Re: [PATCH v5 3/3] z3fold: add shrinker

From: Dan Streetman
Date: Tue Oct 18 2016 - 11:30:05 EST


On Tue, Oct 18, 2016 at 10:51 AM, Vitaly Wool <vitalywool@xxxxxxxxx> wrote:
> On Tue, Oct 18, 2016 at 4:27 PM, Dan Streetman <ddstreet@xxxxxxxx> wrote:
>> On Mon, Oct 17, 2016 at 10:45 PM, Vitaly Wool <vitalywool@xxxxxxxxx> wrote:
>>> Hi Dan,
>>>
>>> On Tue, Oct 18, 2016 at 4:06 AM, Dan Streetman <ddstreet@xxxxxxxx> wrote:
>>>> On Sat, Oct 15, 2016 at 8:05 AM, Vitaly Wool <vitalywool@xxxxxxxxx> wrote:
>>>>> This patch implements shrinker for z3fold. This shrinker
>>>>> implementation does not free up any pages directly but it allows
>>>>> for a denser placement of compressed objects which results in
>>>>> less actual pages consumed and higher compression ratio therefore.
>>>>>
>>>>> This update removes z3fold page compaction from the freeing path
>>>>> since we can rely on shrinker to do the job. Also, a new flag
>>>>> UNDER_COMPACTION is introduced to protect against two threads
>>>>> trying to compact the same page.
>>>>
>>>> i'm completely unconvinced that this should be a shrinker. The
>>>> alloc/free paths are much, much better suited to compacting a page
>>>> than a shrinker that must scan through all the unbuddied pages. Why
>>>> not just improve compaction for the alloc/free paths?
>>>
>>> Basically the main reason is performance, I want to avoid compaction on hot
>>> paths as much as possible. This patchset brings both performance and
>>> compression ratio gain, I'm not sure how to achieve that with improving
>>> compaction on alloc/free paths.
>>
>> It seems like a tradeoff of slight improvement in hot paths, for
>> significant decrease in performance by adding a shrinker, which will
>> do a lot of unnecessary scanning. The alloc/free/unmap functions are
>> working directly with the page at exactly the point where compaction
>> is needed - when adding or removing a bud from the page.
>
> I can see that sometimes there are substantial amounts of pages that
> are non-compactable synchronously due to the MIDDLE_CHUNK_MAPPED
> bit set. Picking up those seems to be a good job for a shrinker, and those
> end up in the beginning of respective unbuddied lists, so the shrinker is set
> to find them. I can slightly optimize that by introducing a
> COMPACT_DEFERRED flag or something like that to make shrinker find
> those pages faster, would that make sense to you?
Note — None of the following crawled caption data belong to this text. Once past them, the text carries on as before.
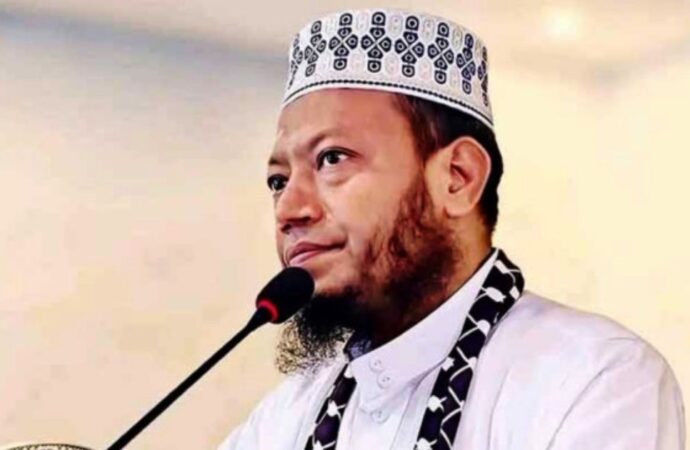 আমির হামজার বিরুদ্ধে মানহানির মামলা, সমন জারি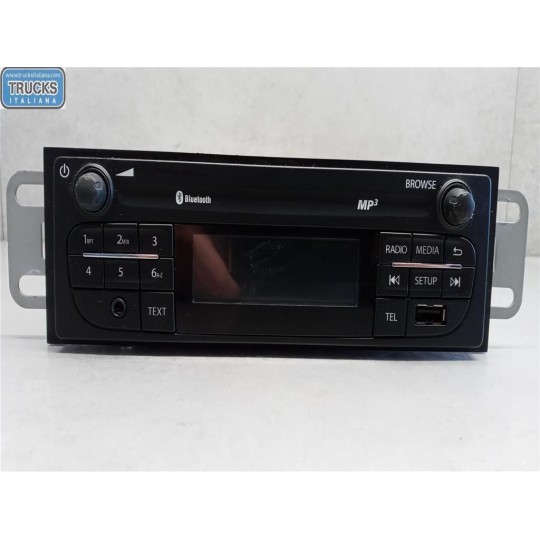 AUTORADIO RENAULT van Trafic 2014>2019 usato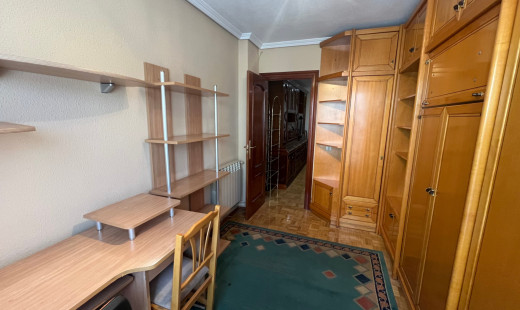 Venta - Piso -
Valladolid - Pajarillos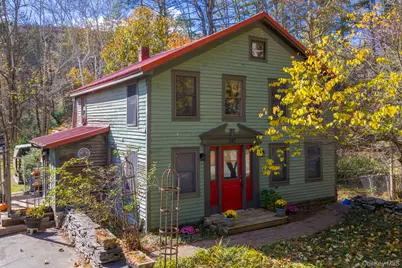 747 Oakland Valley Road, Cuddebackville, NY 12729 - Photo 3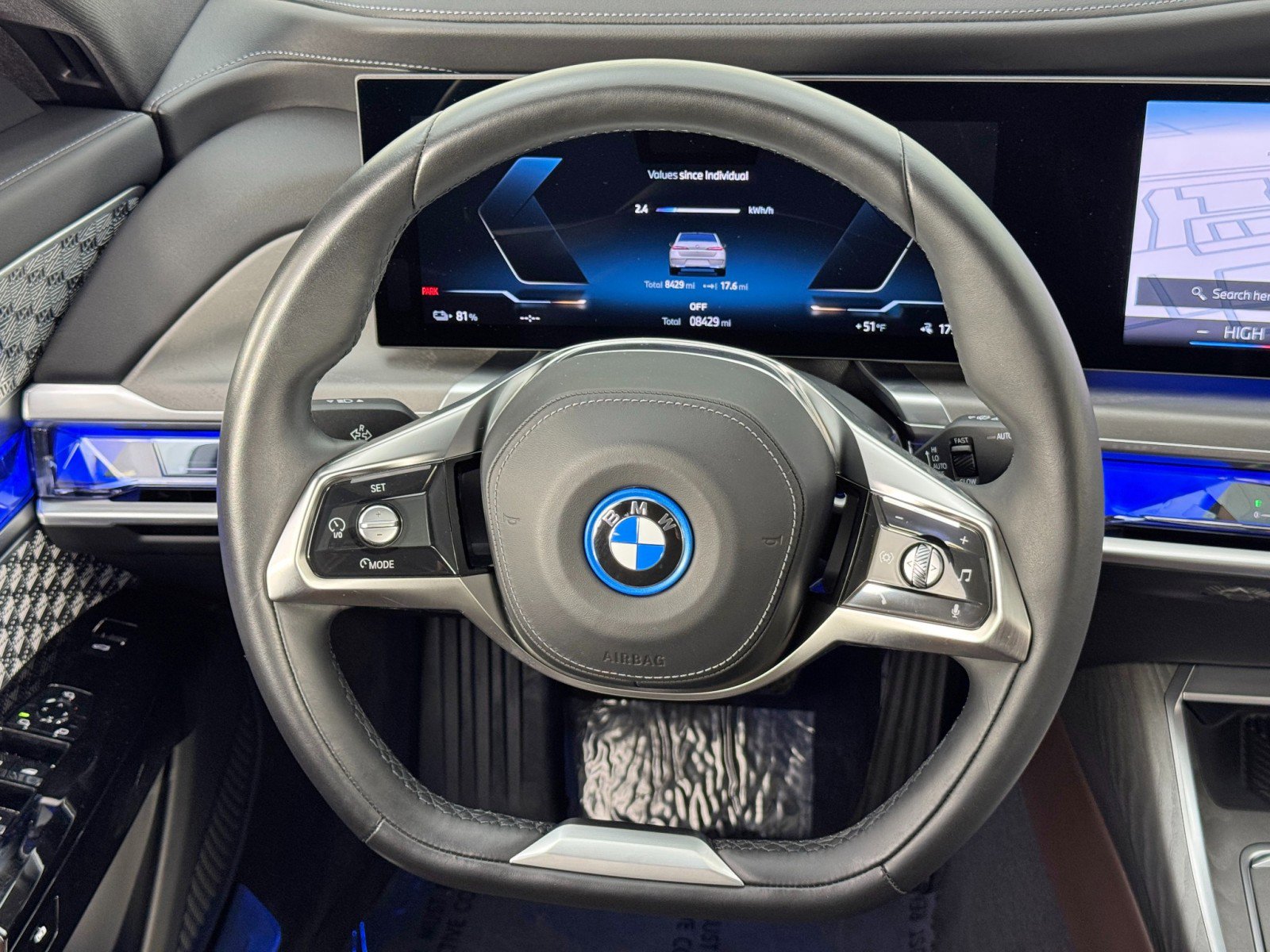 Used 2023 BMW i7 xDrive60 AWD/4WD image 17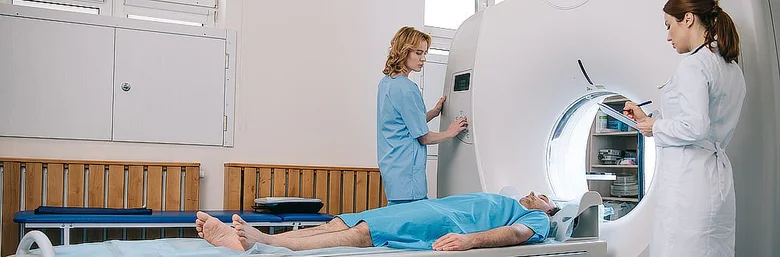 Pacient podléhá vyšetření v tomografu při diagnostice nádoru.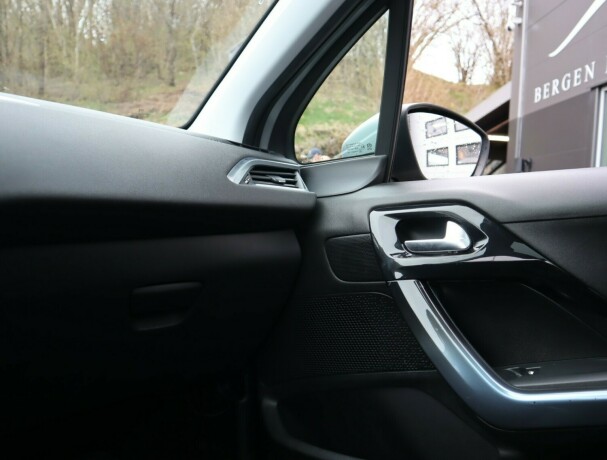 peugeot-208-diesel-2012-big-14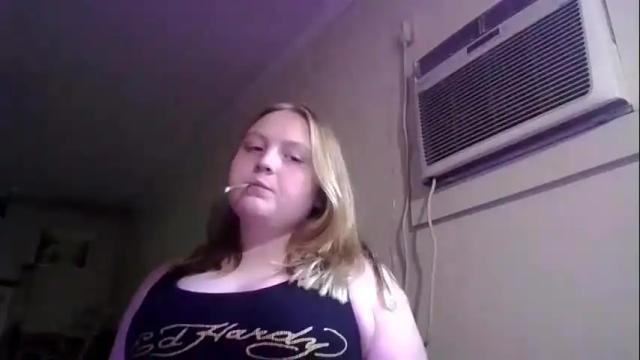 Image 4 of phatassblond Stream on Chaturbate on 4 months ago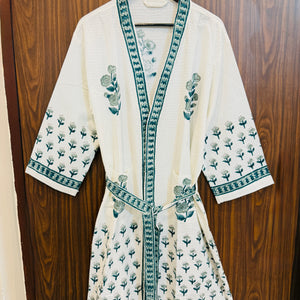 Neel Aangan waffle handblock printed cotton bathrobe – Newkasa.

Ivory cotton waffle robe with teal floral block print – Newkasa.

Handcrafted Jaipuri robe with blue-green floral motifs – Newkasa.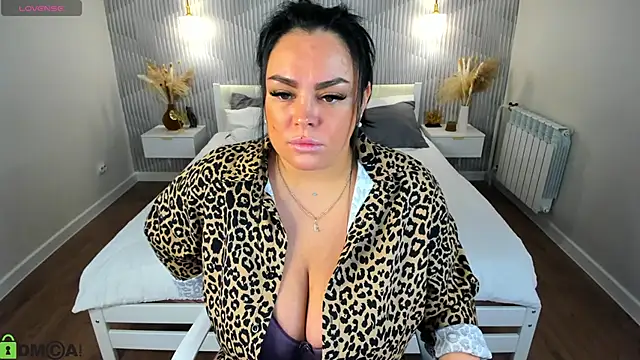 Snapshot of adele_crown chatting on February 26, 1:04 am adele crown online show from February 26, 1:04 am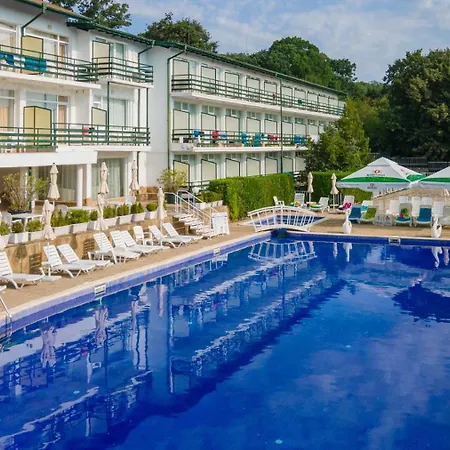Hotel Kini Park & Free Parking 3*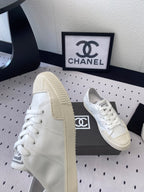 CASUAL SHOES IN WHITE LAMBSKIN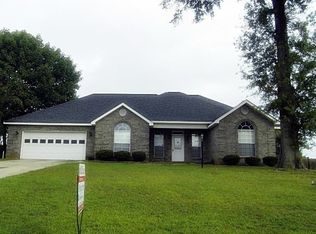 253 Spring Chase Cir, Kathleen, GA 31047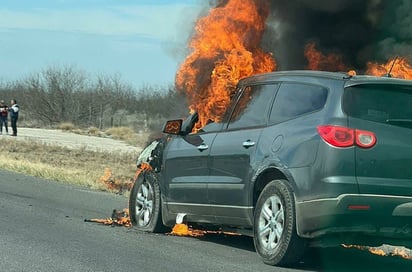 Camioneta se incendia en la carretera 57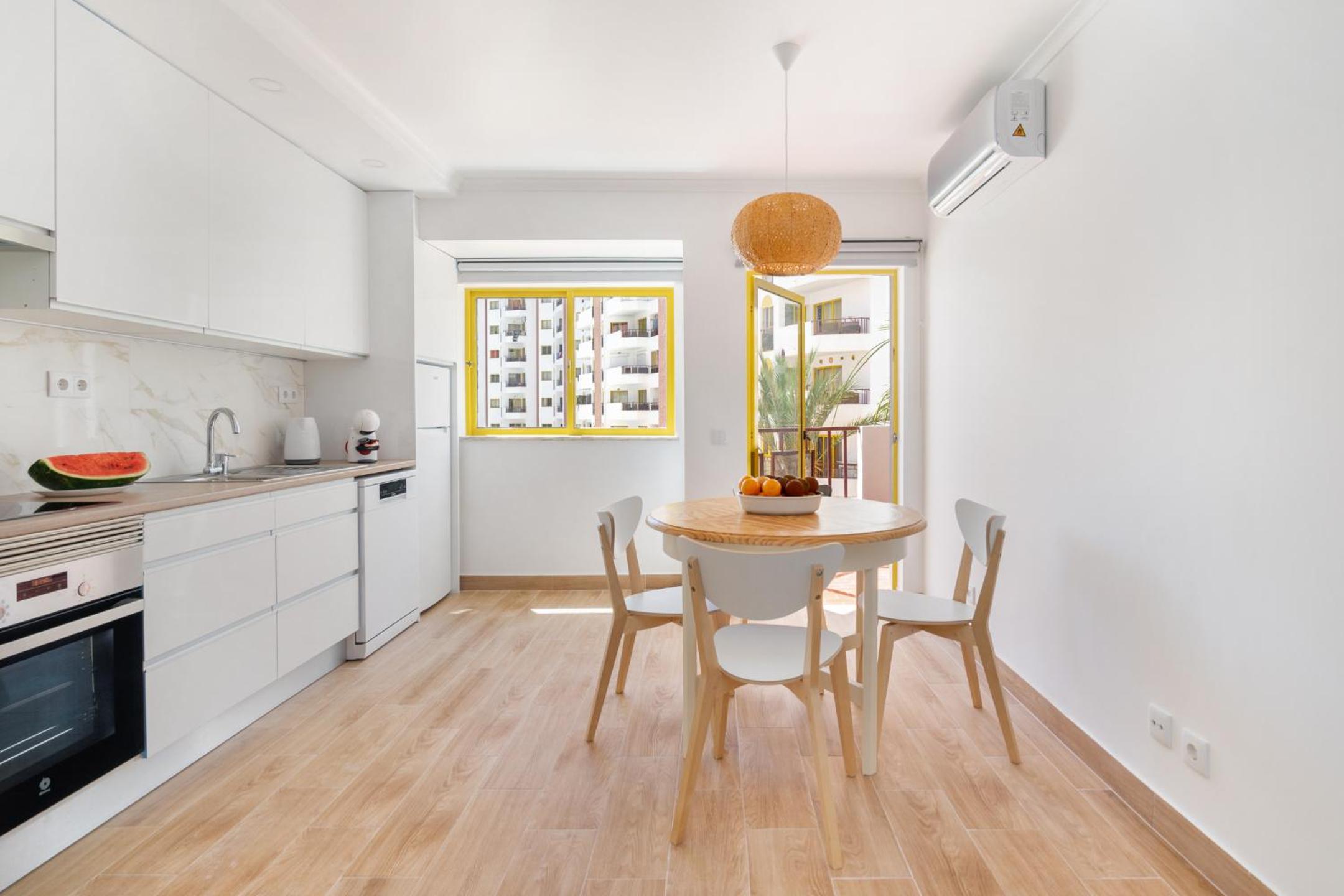 One-Bedroom Apartment - Photo 14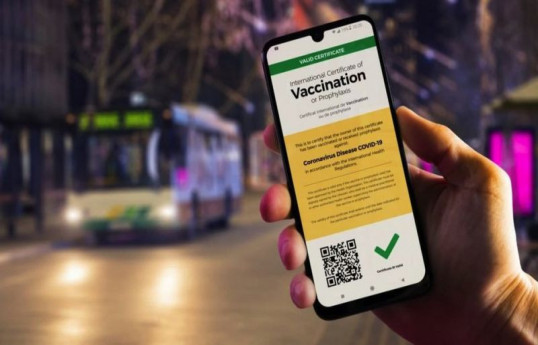 Имеющим противопоказания к вакцинации выдадут документ с QR-кодом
Why not just compact the page in z3fold_unmap()?

>
>> Sorry if I missed it in earlier emails, but have you done any
>> performance measurements comparing with/without the shrinker? The
>> compression ratio gains may be possible with only the
>> z3fold_compact_page() improvements, and performance may be stable (or
>> better) with only a per-z3fold-page lock, instead of adding the
>> shrinker...?
>
> I'm running some tests with per-page locks now, but according to the
> previous measurements the shrinker version always wins on multi-core
> platforms.

But that comparison is without taking the spinlock in map/unmap right?

>
>> If a shrinker really is needed, it seems like it would be better
>> suited to coalescing separate z3fold pages via migration, like
>> zsmalloc does (although that's a significant amount of work).
>
> I really don't want to go that way to keep z3fold applicable to an MMU-less
> system.
>
> ~vitaly